Stream HPC

OpenCL mini buying guide for X86

Developing with OpenCL is fun, if you like debugging. Having software with support for OpenCL is even more fun, because no debugging is needed. But what would be a good machine? Below is an overview of what kind of hardware you have to think about; it is not in-depth, but gives you enough information to make a decision in your local or online computer store.

Companies who want to build a cluster, contact us for information. Professional clusters need different hardware than described here.

CPU

OpenCL on the CPU is rather new; we still have the term GPGPU and not many software has optimised code. But this will certainly change the coming two years. Your PC will probably last that long at least.

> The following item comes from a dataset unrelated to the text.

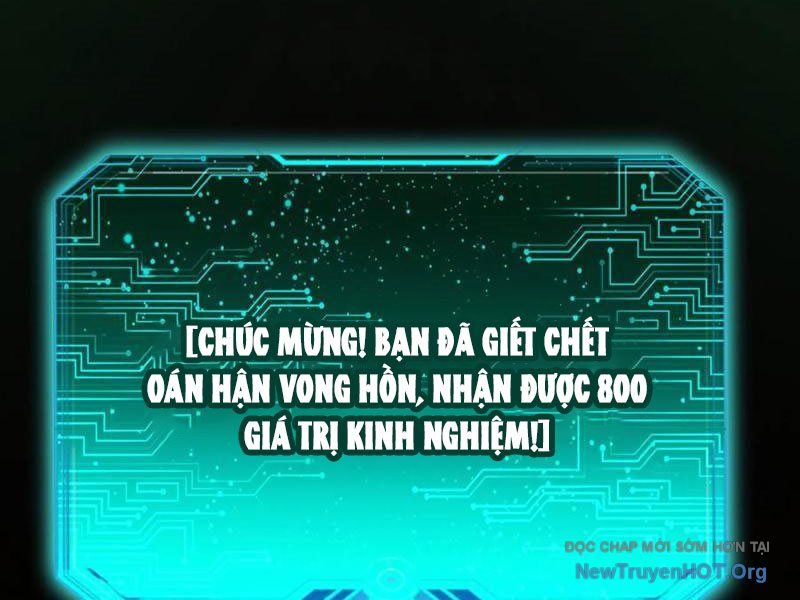 Dị Biến Giáng Lâm Nhân Gian: Triệu Hoán Chi Chủ! Chương 30 Ảnh 123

Currently there is only one answer: Intel’s Sandy Bridge. Current AMD-CPUs don’t support OpenCL as well as their upcoming Fusion or a Sandy Bridge does. My advice: if you can, wait those three months to see if AMD’s awarded hybrid processors are actually as fast as they say.

Sandy Bridge is an extension of the i5 or i7. So if you had selected an i5 or i7 for your new machine, just buy the SandyBridge-version. They are actually often cheaper than their predecessors, but still more expensive than AMDs.

GPU

NVIDIA or AMD? It so depends on what you want to do. Prices are for US and the Netherlands for 2011-01-17; please let me know if you found better prices, because I think the price-difference for the NVIDIA-card is strange.

  • Do you are a developer? Buy them both. See multi-GPU below.
  • Do you use software that currently only supports CUDA and you need it now? Buy the latest and greatest NVIDIA.
  • Do you want to have the overall best performance for the lowest price? Buy an AMD RADEON HD6970 (see picture, around €300/$380). It has 2.0 GB of memory and can do 134.4 GB/s.
  • Do you want to have the overall best performance of NVIDIA? Buy a NVIDIA GTX 580 (around €480/$500). It has 1.5 GB of memory and can do 177.4 GB/s.
  • Do you focus on FFT? Go for NVIDIA, which is faster at FFT (and thus anti-aliasing and thus many game-benchmarks).
  • No focus on FFT? AMD is pretty fast at many other OpenCL-benchmarks, even with a lower memory-bandwidth.
  • Do you want a budget-solution? Any NVIDIA or AMD RADEON of 2010/2011 suffices to have some performance-increase.

What shouldn’t you buy?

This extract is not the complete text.